An example of the input and output data of the tree segmentation algorithm. At left, the input data is colored by elevation; at right, the results of the algorithm use color to segment each tree from the point cloud.

Going into detail: New algorithmic method improves tree mapping technology

Digital mapping applications continue to expand as the technology matures. Additional features and more granular visualizations make the technology valuable for planning and managing strategies for mitigating climate change. 

Purdue University engineers developed a new algorithmic approach to digital mapping that advances automatic forest mapping. The innovation could help to better understand how climate change-influenced disasters — strong storms or wildfires, for example — could impact forests and how to build resilience strategies.

Filling in the details

The study says that photogrammetry and two types of LiDAR, ground and aerial, are becoming the three go-to technologies for forest analyses and mapping. These are used to create a point cloud, a visual representation of points in space. 

The three-dimensionality of point clouds shows trees’ structural features, such as trunk diameter and canopy volume. This study introduces an automatic method for detailing individual trees in point clouds.

The virtual depictions of individual trees help the user better understand the trees’ orientation and characteristics. The program quickly and accurately maps acres of trees all at once, instead of just a few trees at a time. The features open up the possibility of creating a digital twin — a detailed virtual simulation of a real-world system — for an entire forest.

Four phases of the tree segmentation algorithm. In the first phase, the raw data is colored by height; the second phase shows individual tree stem data (trunks), and, in the final two phases, each tree trunk and its vegetation obtains a color.

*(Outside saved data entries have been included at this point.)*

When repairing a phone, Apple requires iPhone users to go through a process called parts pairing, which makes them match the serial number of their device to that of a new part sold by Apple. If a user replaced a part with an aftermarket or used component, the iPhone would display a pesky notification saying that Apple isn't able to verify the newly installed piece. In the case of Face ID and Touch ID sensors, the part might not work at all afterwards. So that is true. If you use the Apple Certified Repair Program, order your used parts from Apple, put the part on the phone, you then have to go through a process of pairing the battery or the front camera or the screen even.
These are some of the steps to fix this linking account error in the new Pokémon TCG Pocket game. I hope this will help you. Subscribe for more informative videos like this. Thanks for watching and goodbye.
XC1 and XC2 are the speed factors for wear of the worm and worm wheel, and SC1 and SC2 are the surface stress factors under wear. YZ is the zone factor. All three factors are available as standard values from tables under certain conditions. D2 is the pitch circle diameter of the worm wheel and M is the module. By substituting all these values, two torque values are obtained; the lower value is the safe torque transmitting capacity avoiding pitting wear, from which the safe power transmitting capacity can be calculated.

The team compared their algorithmic results against tree data collected during fieldwork to test accuracy. They say the method is much more accurate by most metrics than other mapping technologies.

They’re still addressing some issues with their data collection technologies. Each one contains different anomalies, such as capturing canopy top details well but missing tree trunk characteristics.

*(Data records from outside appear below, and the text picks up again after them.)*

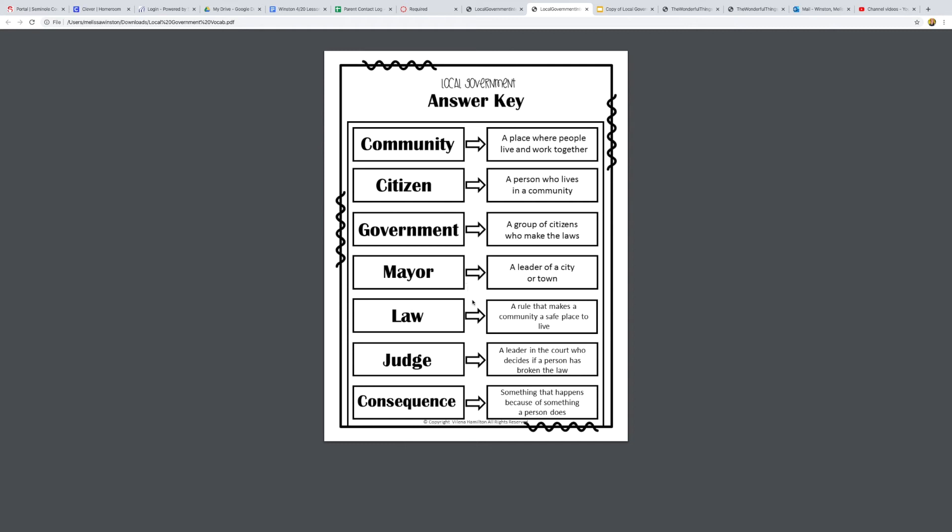Just like we have the president of the United States who is in charge of our country, and we have the governor who is in charge of our state, we also have a mayor who is in charge of our city.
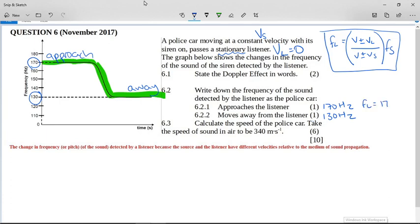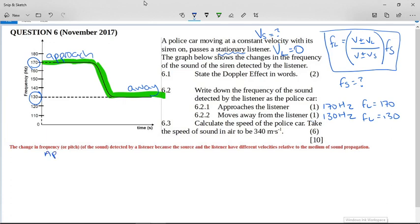As it moves closer to the listener the frequency heard is 170 hertz, and as it moves away the frequency heard is 130 hertz. We do not know the frequency of the source - it's going to be somewhere around these two frequencies but we don't know what it is. We also don't know the velocity of the source. These are our two unknowns, so we have to make simultaneous equations. For the approach, the frequency the listener hears from the graph is 170 hertz.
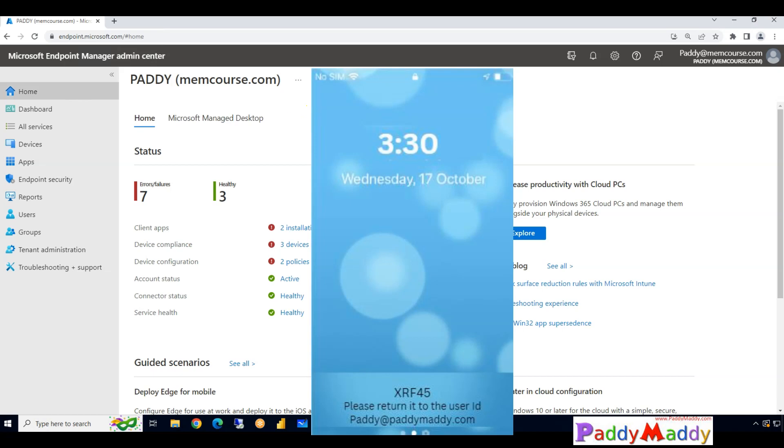Hi there, welcome to the new lecture. In this short lecture we will be learning how to configure Microsoft Intune to display on your iOS devices a specific message on a locked screen.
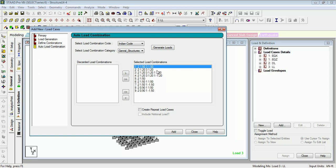The third one is 1.2 times dead load plus live load plus EQX. The fourth one is 1.2 times dead load plus live load minus EQX. The fifth one being 1.5 dead load.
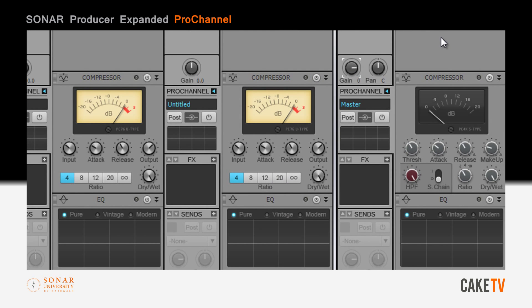The Pro Channel is also included on all buses and comes loaded with the PC4K S-Type Bus Compressor, modeled after the bus compressor found in classic large-format British consoles to glue a mix together for more professional results.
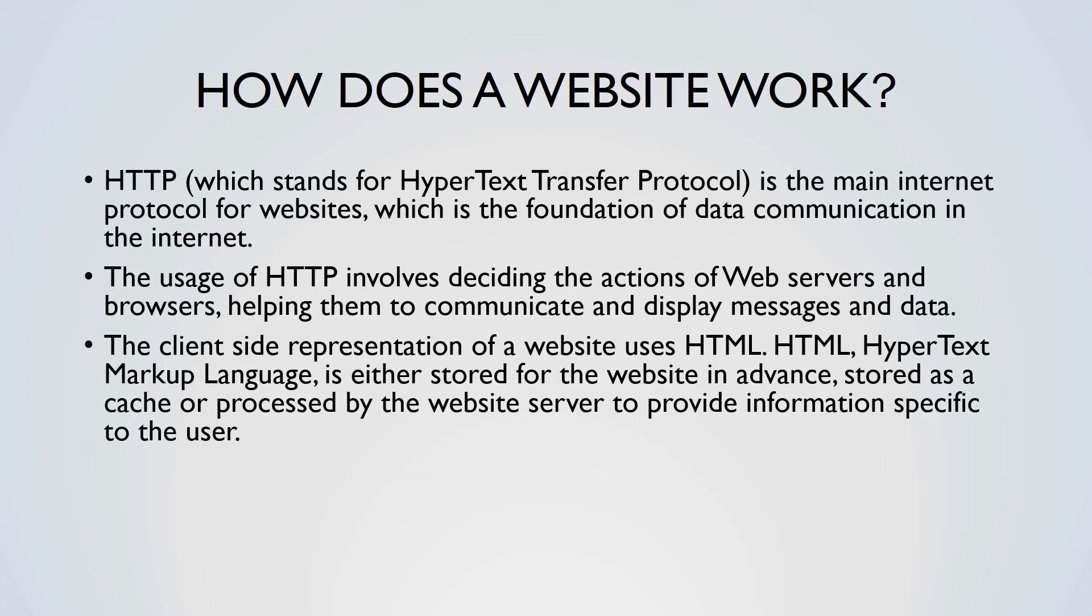Your computer displays websites in HTML, but some additional data may require support for other languages such as JavaScript, or web browser extensions such as Adobe Flash.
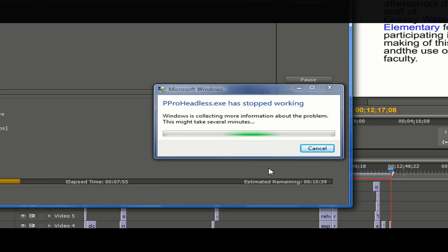Hello everybody, and welcome to another segment of Android Media Tutorials. I was working on a project that was about 12 minutes long, and when trying to encode it, the process would come to a halt and the crash error message would appear.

“Coming up with a method to work with each of the specific anomalies is challenging,” Joshua Carpenter, a Ph.D. student, said in a news release. But the ultimate goal is to “use all of the different point clouds that are available to make a flexible algorithm.”

The team continues to perfect its innovation by working in a forest near Purdue and eventually wants to scale it up. Additional algorithms will be needed to achieve more complete digital tree inventories. For example, other algorithms could add data about tree species or timber grades.

Gathering tree inventory data generally requires tedious fieldwork to sample 5% to 10% of an area. This study demonstrates technology that could result in a complete census of all trees.

“A 100% inventory has never been an option. … We’re talking about a tremendous leap” with this innovation, said Songlin Fei, Purdue professor of forestry and natural resources. “How can we get from several hundred acres to several thousand or several hundred thousand, and then to every tree on the planet? That’s the future.”